## Work request
Pull each line containing "RNAs" from the data.

## Record excerpts
——————————
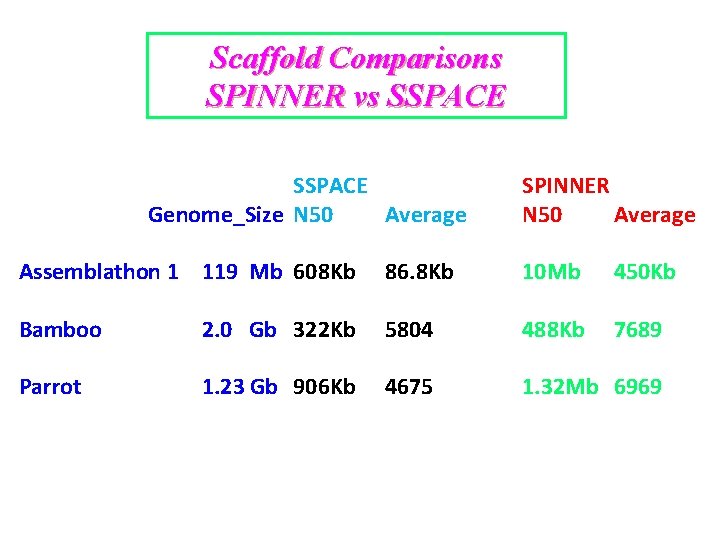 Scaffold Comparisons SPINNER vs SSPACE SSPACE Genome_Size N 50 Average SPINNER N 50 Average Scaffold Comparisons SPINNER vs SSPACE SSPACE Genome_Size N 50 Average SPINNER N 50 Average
——————————
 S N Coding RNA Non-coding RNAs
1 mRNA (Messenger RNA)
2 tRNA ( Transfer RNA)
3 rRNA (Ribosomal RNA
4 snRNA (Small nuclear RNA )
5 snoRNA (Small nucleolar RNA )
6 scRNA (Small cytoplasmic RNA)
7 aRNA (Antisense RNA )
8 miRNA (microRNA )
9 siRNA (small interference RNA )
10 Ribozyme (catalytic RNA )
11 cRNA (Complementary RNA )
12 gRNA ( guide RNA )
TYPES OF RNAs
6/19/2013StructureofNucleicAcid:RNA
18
——————————
## Completed exercise
 S N Coding RNA Non-coding RNAs
TYPES OF RNAs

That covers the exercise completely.